┌──

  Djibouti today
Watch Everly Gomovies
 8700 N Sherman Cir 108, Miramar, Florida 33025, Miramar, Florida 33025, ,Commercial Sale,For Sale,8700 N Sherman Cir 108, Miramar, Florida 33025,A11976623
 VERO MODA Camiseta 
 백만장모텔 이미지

└──
┌──

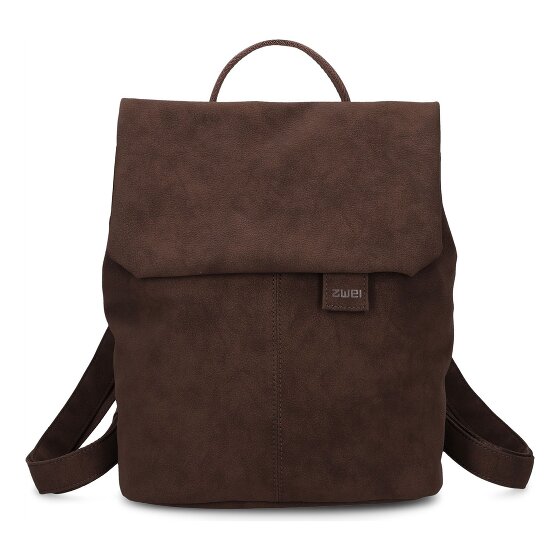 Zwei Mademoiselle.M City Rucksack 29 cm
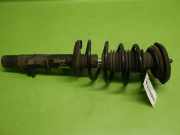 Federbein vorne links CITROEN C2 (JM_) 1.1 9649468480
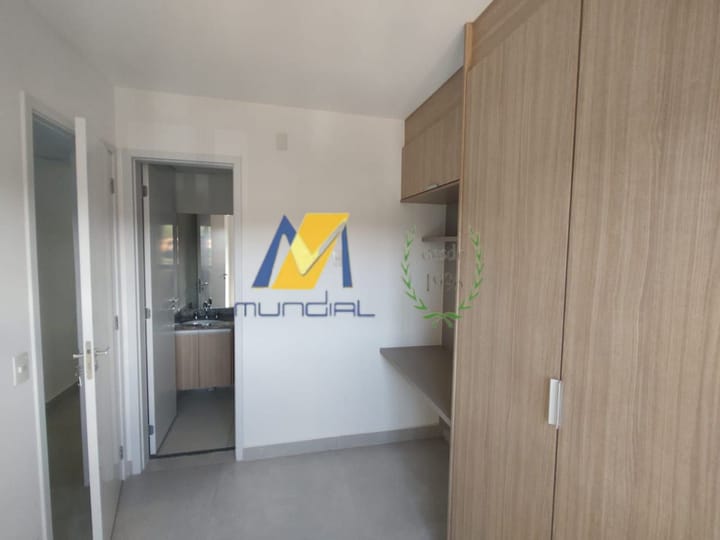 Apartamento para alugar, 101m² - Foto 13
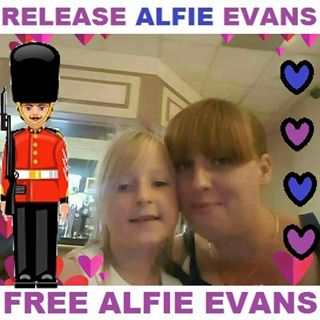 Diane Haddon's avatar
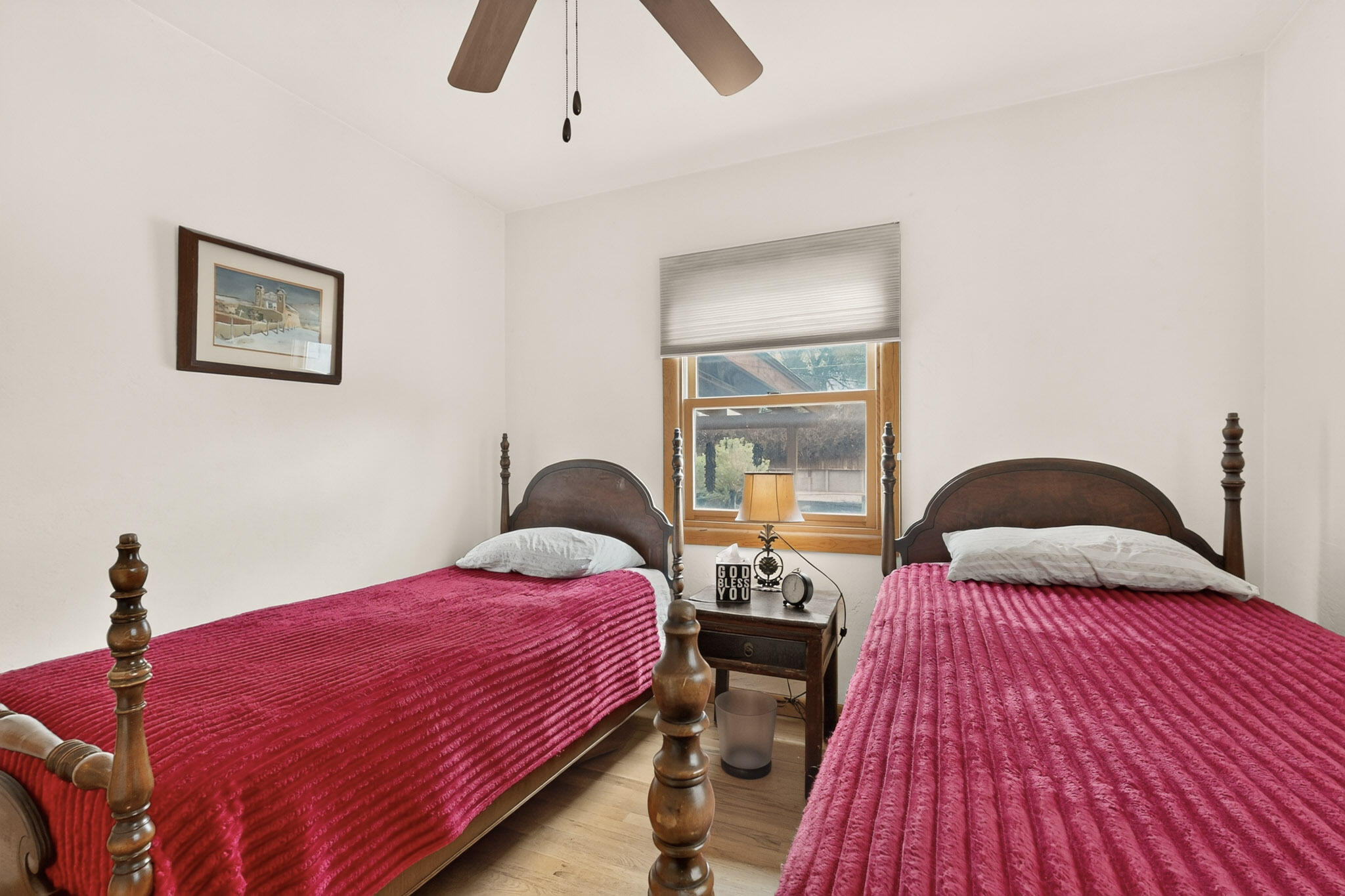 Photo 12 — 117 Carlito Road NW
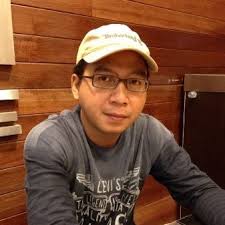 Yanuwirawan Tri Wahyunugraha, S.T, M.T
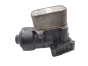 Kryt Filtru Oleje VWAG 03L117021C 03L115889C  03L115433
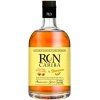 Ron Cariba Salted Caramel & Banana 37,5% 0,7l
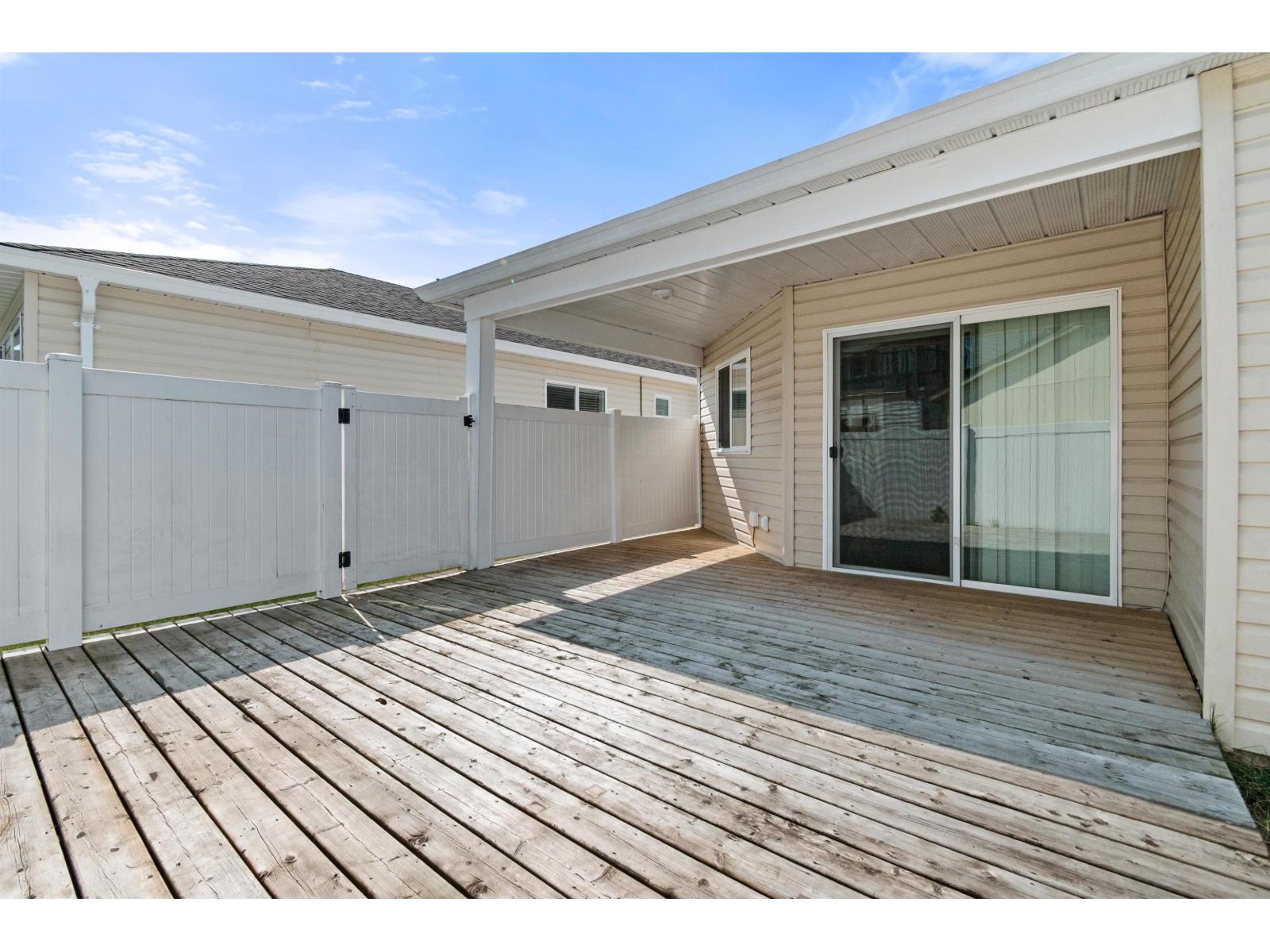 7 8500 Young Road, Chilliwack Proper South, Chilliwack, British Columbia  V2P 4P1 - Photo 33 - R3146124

└──

## [EXERCISE DESCRIPTION]
Please output the lines above beginning at the line with "Apartamento para alugar, 101m² - Foto 13" and ending after the line with "7 8500 Young", precisely as written and with no pictures.

## [ANSWER]
 Apartamento para alugar, 101m² - Foto 13
 Diane Haddon's avatar
 Photo 12 — 117 Carlito Road NW
 Yanuwirawan Tri Wahyunugraha, S.T, M.T
 Kryt Filtru Oleje VWAG 03L117021C 03L115889C  03L115433
 Ron Cariba Salted Caramel & Banana 37,5% 0,7l
 7 8500 Young Road, Chilliwack Proper South, Chilliwack, British Columbia  V2P 4P1 - Photo 33 - R3146124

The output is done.